• **What you need to do**
The following data needs to be repeated exactly, with all images excluded.

• **Task inputs**
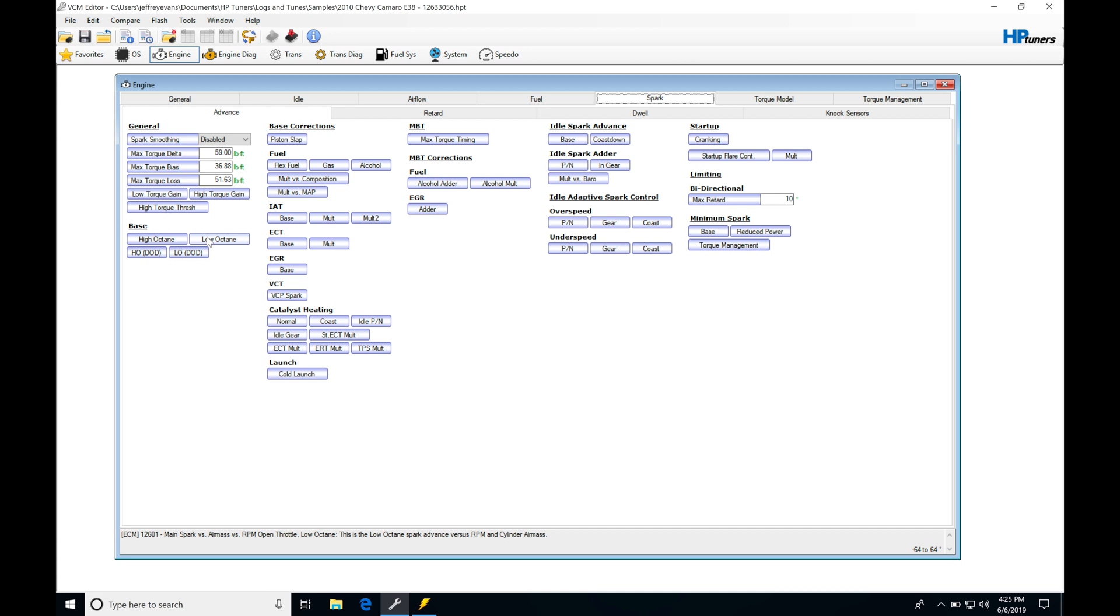Now, if you have an engine with displacement on demand but you've put a cam in that deletes it, you're turning off displacement on demand, which will bypass these two tables. We don't have to modify anything in the table. We'll find that we're just operating on our high and low octane table. So it's pretty simple how it works.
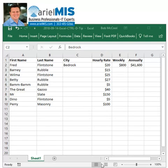Today we are working with the Control D shortcut in Excel. That is D as in Dino, the dinosaur.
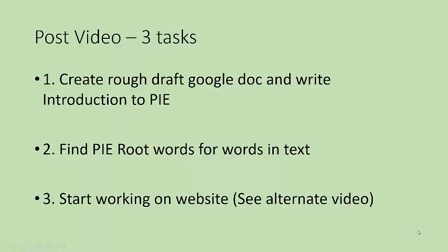After you've finished watching the video and have submitted your individual notes on Google or Schoology, there are three tasks you can start working on.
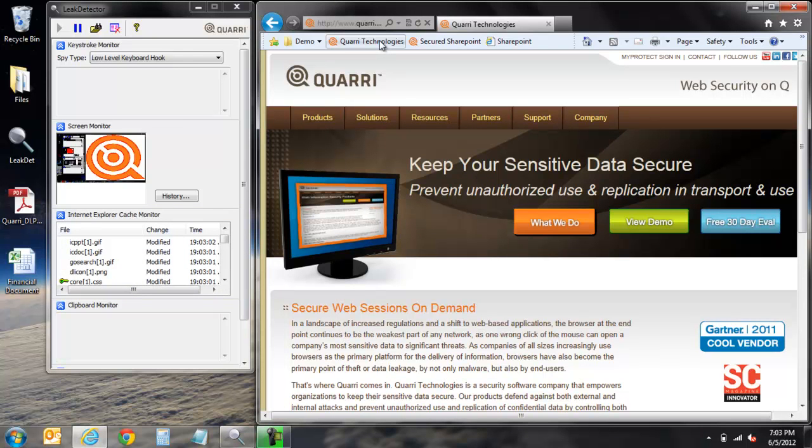This concludes our demonstration of Quarry's ProtectOnQ secure browser. Please visit our website at www.quarry.com for more information or to request an evaluation. Thank you.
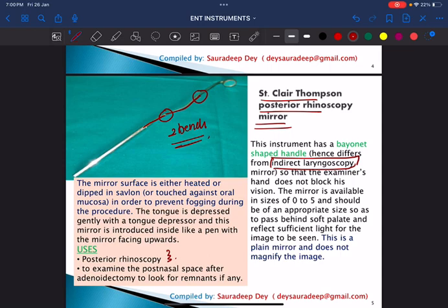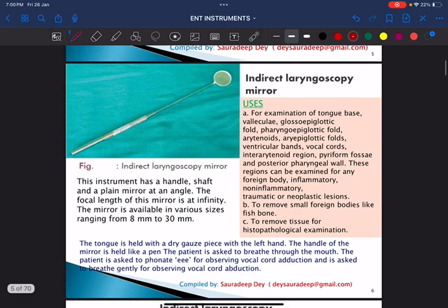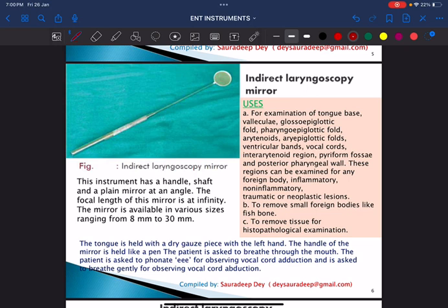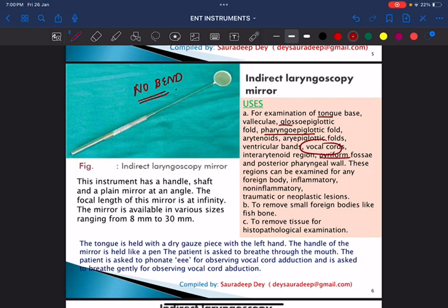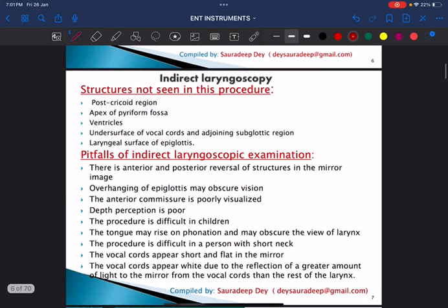The indirect laryngoscopy mirror has no bend. Structures visible during indirect laryngoscopy include the base of tongue, vallecula, glossoepiglottic and pharyngoepiglottic folds, the vocal cords, pyriform fossa, and the posterior pharyngeal wall. Structures not seen in indirect laryngoscopy include the apex of the pyriform fossa, undersurface of the vocal cord, post-cricoid region, and the laryngeal surface of the epiglottis.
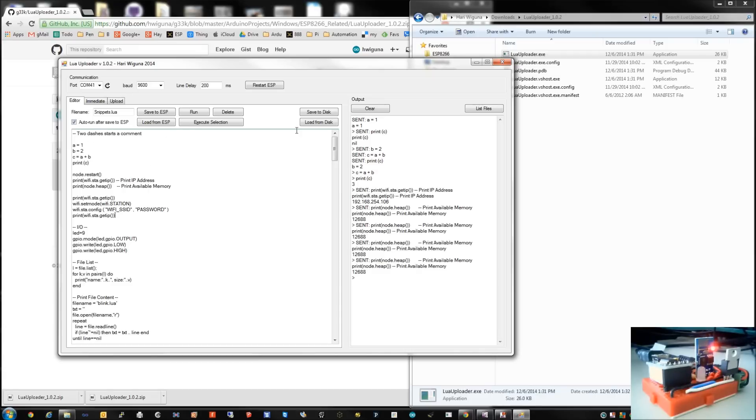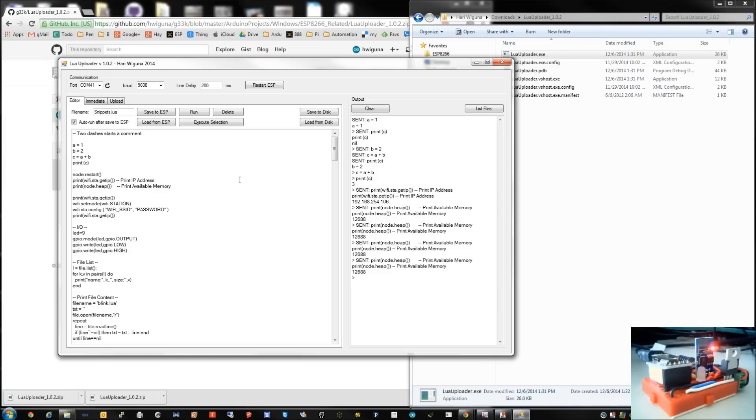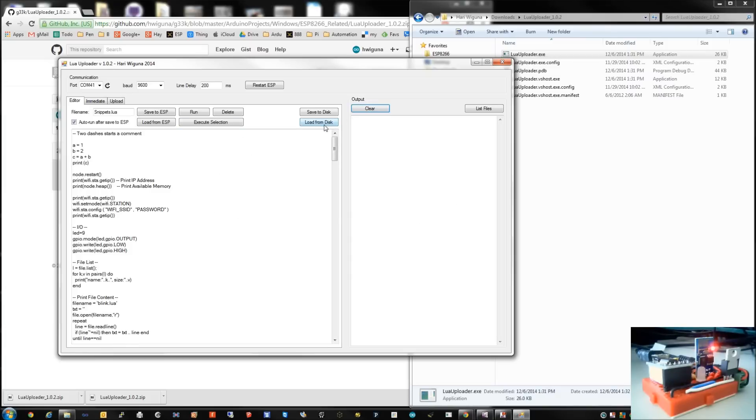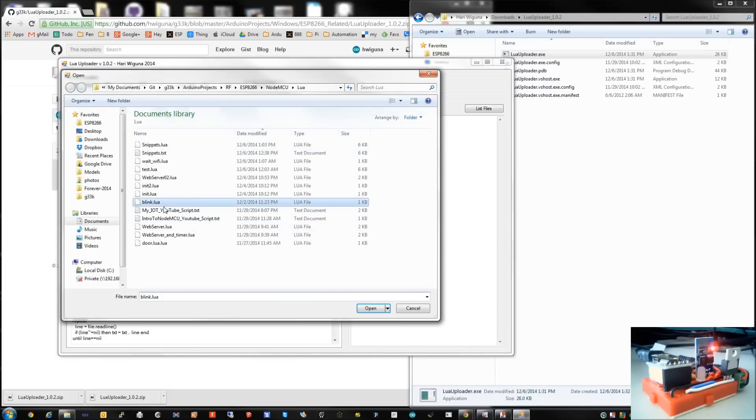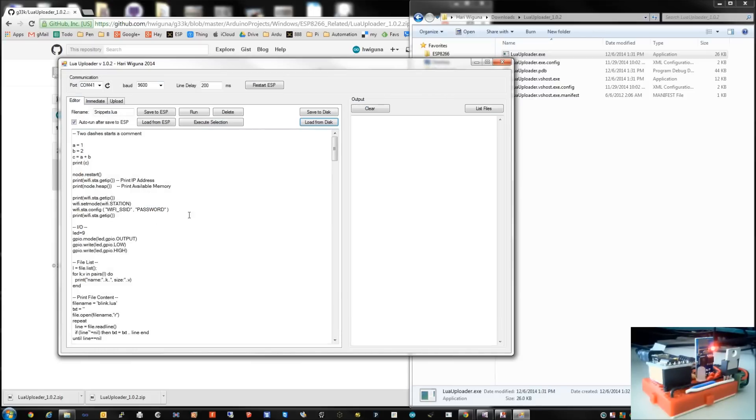But you can also load a file, a Lua file onto the ESP itself for later so you can run it without actually having this program, without having to have the PC anymore. So let me show you that. So I'll clear that. So we'll go load something from my hard disk. Let's load that blinker program. Oh, before I do that, this is kind of cool.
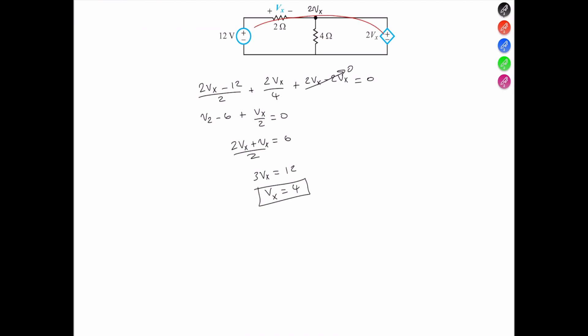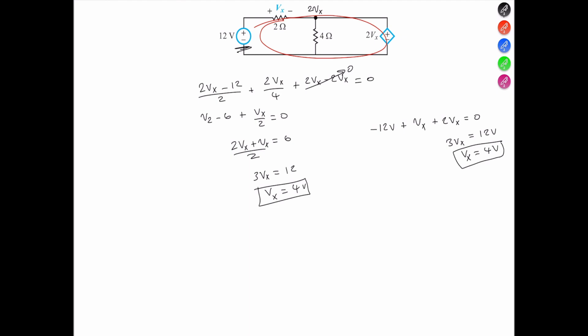Or we could apply KVL around the outside perimeter of the circuit. Starting from the 12 volt source, we have negative 12 volts plus the voltage across the 2 ohm resistor, which is Vx, plus the voltage across the 4 ohm resistor, which is 2Vx, equals 0. Moving the 12 volts across, we have 3Vx equals 12, so Vx equals 4 volts.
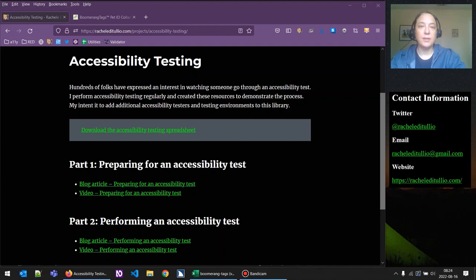Hi, my name is Rachel Dutulio and this video is part of my accessibility testing project. It's a continuation of the video performing an accessibility test. You can find all of the project resources on my website at racheldutulio.com/projects/accessibility-testing. So let's get started.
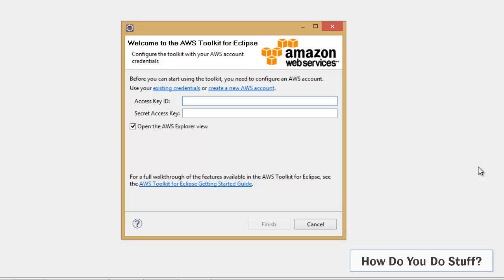It's strongly recommended that you don't use the access key and secret key for the root account in AWS, and that you should create one or more IAM users. Now I do actually have an IAM user created. In fact, I created him in an earlier video.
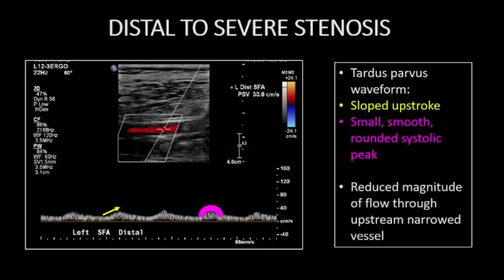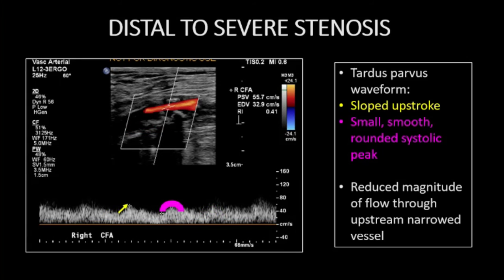Distal to a severe stenosis, the classic tardus-parvus waveform may be encountered. This is characterized by a markedly sloped upstroke with a small, smooth, and rounded systolic peak. Findings reflect severely diminished degree of flow through the narrowed upstream arterial segment. This next tracing is a little noisier, but again demonstrates tardus-parvus characteristics. Keep attention out for this classic waveform.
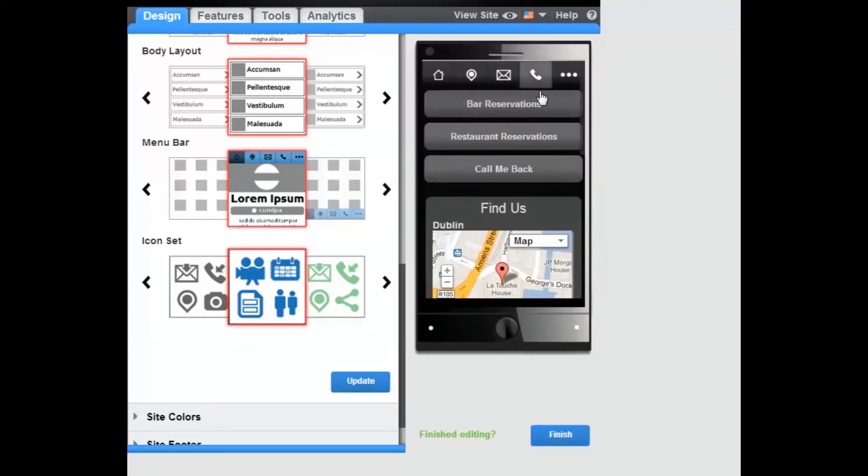Call Us will contain all Click to Call features and Call Me Back features activated.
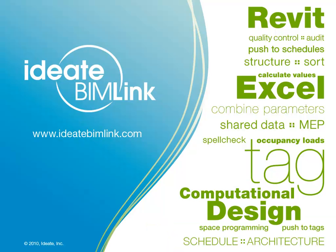ID8 is an Autodesk-authorized developer with 25 years of experience in software development, with a specific focus on building information modeling. For complete information about ID8 BIMLINK, please visit our website at www.id8bimlink.com.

• **Solution to this task**
Now, if you have an engine with displacement on demand but you've put a cam in that deletes it, you're turning off displacement on demand, which will bypass these two tables. We don't have to modify anything in the table. We'll find that we're just operating on our high and low octane table. So it's pretty simple how it works.
Today we are working with the Control D shortcut in Excel. That is D as in Dino, the dinosaur.
After you've finished watching the video and have submitted your individual notes on Google or Schoology, there are three tasks you can start working on.
This concludes our demonstration of Quarry's ProtectOnQ secure browser. Please visit our website at www.quarry.com for more information or to request an evaluation. Thank you.
The indirect laryngoscopy mirror has no bend. Structures visible during indirect laryngoscopy include the base of tongue, vallecula, glossoepiglottic and pharyngoepiglottic folds, the vocal cords, pyriform fossa, and the posterior pharyngeal wall. Structures not seen in indirect laryngoscopy include the apex of the pyriform fossa, undersurface of the vocal cord, post-cricoid region, and the laryngeal surface of the epiglottis.
But you can also load a file, a Lua file onto the ESP itself for later so you can run it without actually having this program, without having to have the PC anymore. So let me show you that. So I'll clear that. So we'll go load something from my hard disk. Let's load that blinker program. Oh, before I do that, this is kind of cool.
Or we could apply KVL around the outside perimeter of the circuit. Starting from the 12 volt source, we have negative 12 volts plus the voltage across the 2 ohm resistor, which is Vx, plus the voltage across the 4 ohm resistor, which is 2Vx, equals 0. Moving the 12 volts across, we have 3Vx equals 12, so Vx equals 4 volts.
Hi, my name is Rachel Dutulio and this video is part of my accessibility testing project. It's a continuation of the video performing an accessibility test. You can find all of the project resources on my website at racheldutulio.com/projects/accessibility-testing. So let's get started.
It's strongly recommended that you don't use the access key and secret key for the root account in AWS, and that you should create one or more IAM users. Now I do actually have an IAM user created. In fact, I created him in an earlier video.
Distal to a severe stenosis, the classic tardus-parvus waveform may be encountered. This is characterized by a markedly sloped upstroke with a small, smooth, and rounded systolic peak. Findings reflect severely diminished degree of flow through the narrowed upstream arterial segment. This next tracing is a little noisier, but again demonstrates tardus-parvus characteristics. Keep attention out for this classic waveform.
Call Us will contain all Click to Call features and Call Me Back features activated.
ID8 is an Autodesk-authorized developer with 25 years of experience in software development, with a specific focus on building information modeling. For complete information about ID8 BIMLINK, please visit our website at www.id8bimlink.com.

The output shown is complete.